On July 30, 2020, the DGFT had “restricted” imports of 10 categories of TV sets with a declaration that the procedure for “license” would be notified separately. In fact, the DGFT says whenever it notifies “restrictions or quota or conditions on import of goods” it “may require a licence or registration”. Going by bans and restrictions on both imports and exports in the past few years, the DGFT is certain to have opened a full-fledged licensing unit now.
Wrong also because India is running a command-and-control economy. And no, India didn’t follow the de-globalisation march U.S. President Donald Trump is credited to have started (after 2016). India pioneered it (although it matters little to global trade) by re-adopting the import substitution policy of 1960s and 1970s in 2014.
Here is how.
The import substitution practice began immediately after the new government took over in 2014. But it was so subtle that it took then Chief Economic Advisor (CEA) Arvind Subramanian (along with fellow economist Shoumitro Chatterjee) to decipher it in 2020 – two years after he quit the job.

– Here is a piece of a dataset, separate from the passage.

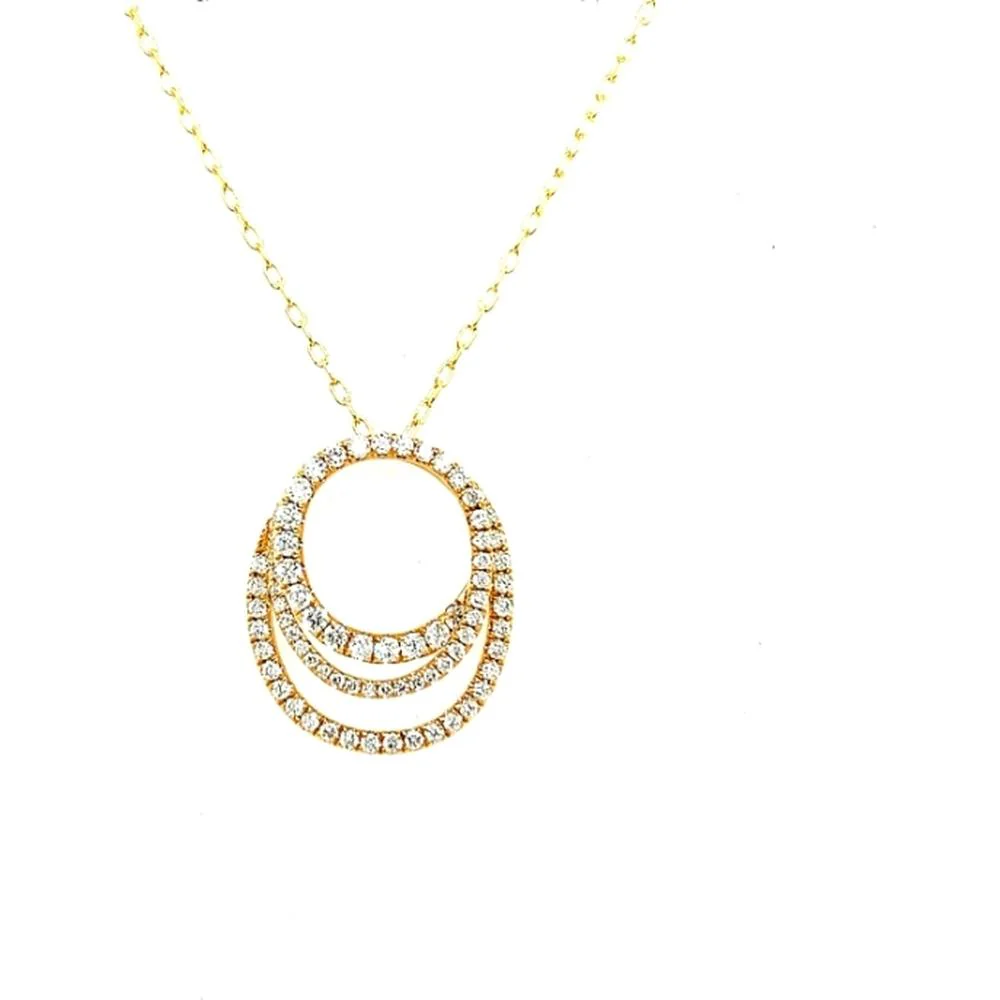 18K Yellow Gold Multi Circle Diamond Pendant Necklace by Afarin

In the paper, “India’s Inward (Re)Turn: Is it Warranted? Will it Work?” the economists wrote: “Between 1991 and 2014, average MFN tariffs declined from 125% to 13%. Since 2014, there have been about 3,200 tariff increases at the HS-6 digit level (on most-favored-nation imports), a strikingly large increase. As a result, the average tariff has increased from 13% to nearly 18%. The largest increases occurred in 2018 when there were nearly 2,500 tariff increases amounting to nearly 4 percentage points. We estimate that the tariff increases affected import categories that amount to about $300 billion or about 70% of total imports.” The tariff rise continues.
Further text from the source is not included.